### WHAT YOU ARE ASKED TO DO
Could you copy exactly the lines below, beginning at the line with "Macro detail of" and stopping after the line with "Brown and white", with no pictures?

### SOURCE MATERIAL
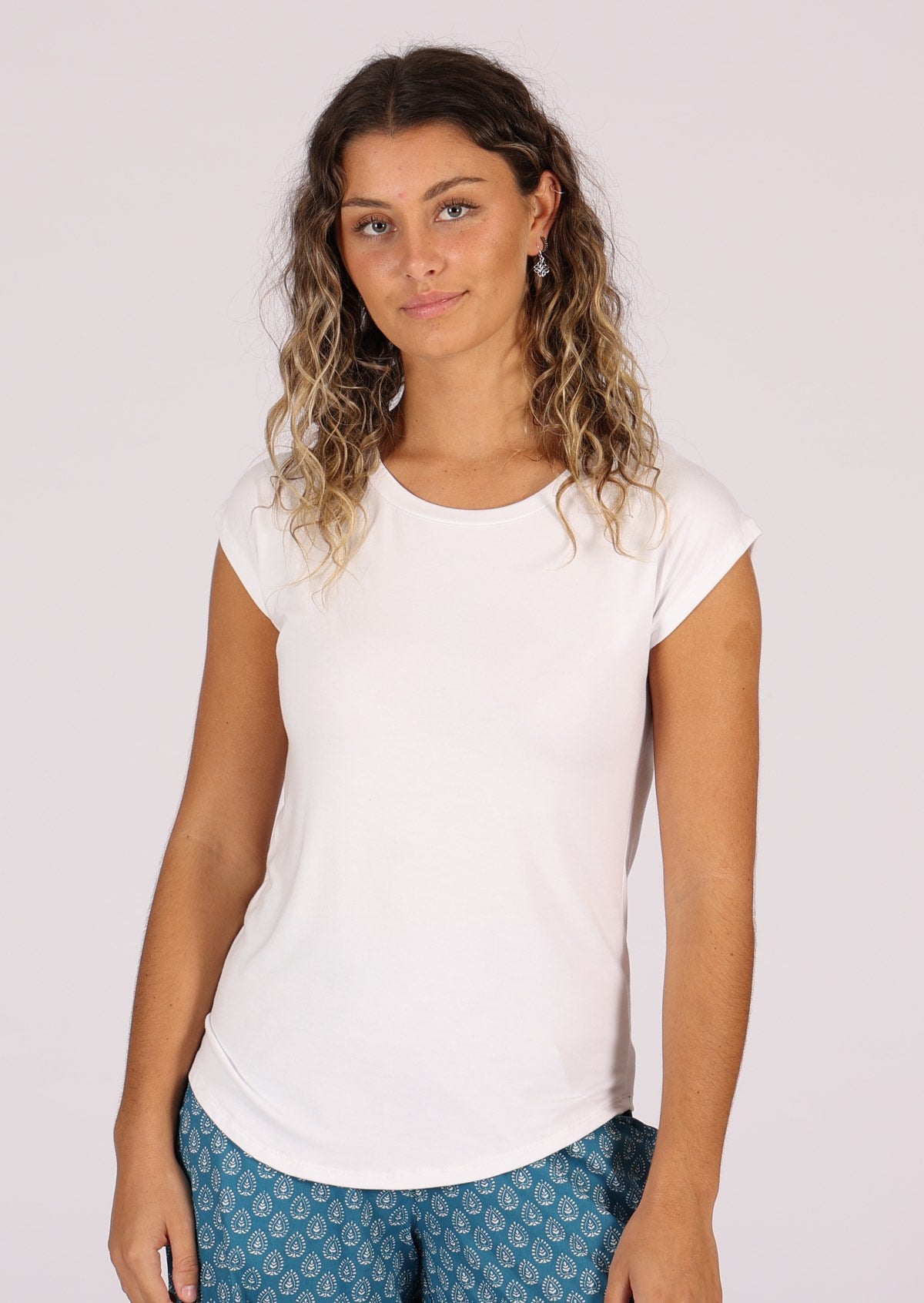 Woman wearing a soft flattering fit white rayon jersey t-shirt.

==

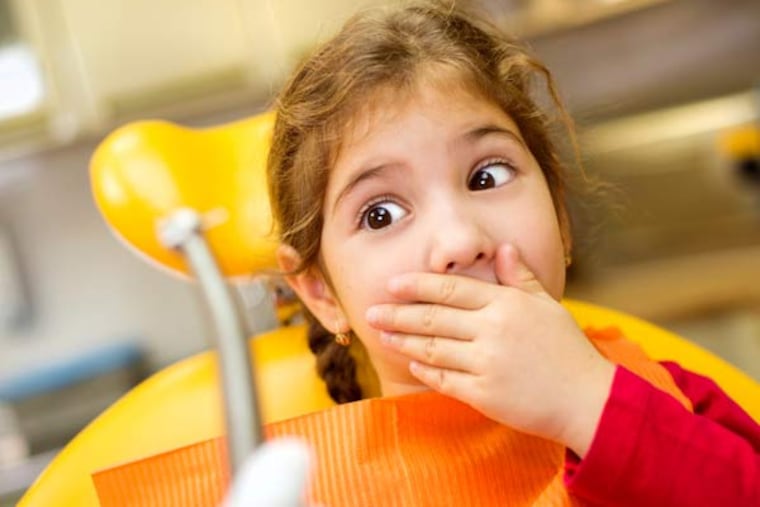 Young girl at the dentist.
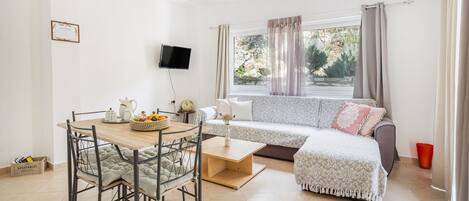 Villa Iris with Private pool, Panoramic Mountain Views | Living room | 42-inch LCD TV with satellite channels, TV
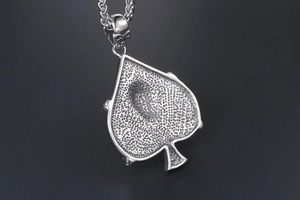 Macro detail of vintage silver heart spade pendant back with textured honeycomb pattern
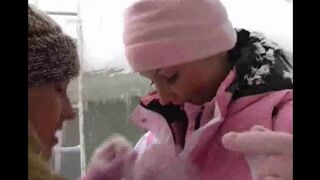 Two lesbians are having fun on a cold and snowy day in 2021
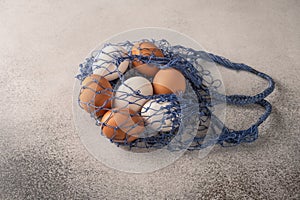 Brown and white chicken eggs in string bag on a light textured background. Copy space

---

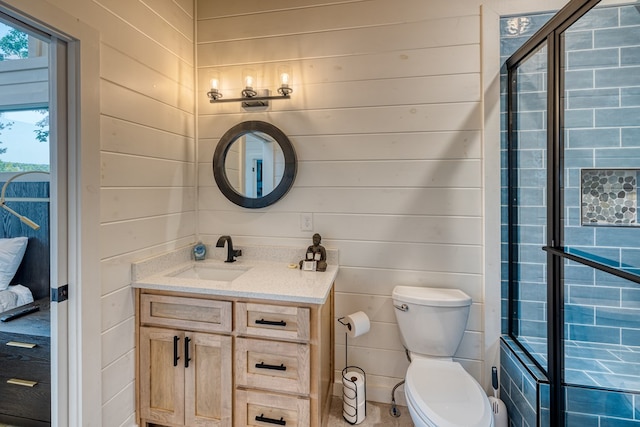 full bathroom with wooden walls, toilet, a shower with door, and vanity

### RESPONSE AREA
 Macro detail of vintage silver heart spade pendant back with textured honeycomb pattern
 Two lesbians are having fun on a cold and snowy day in 2021
 Brown and white chicken eggs in string bag on a light textured background. Copy space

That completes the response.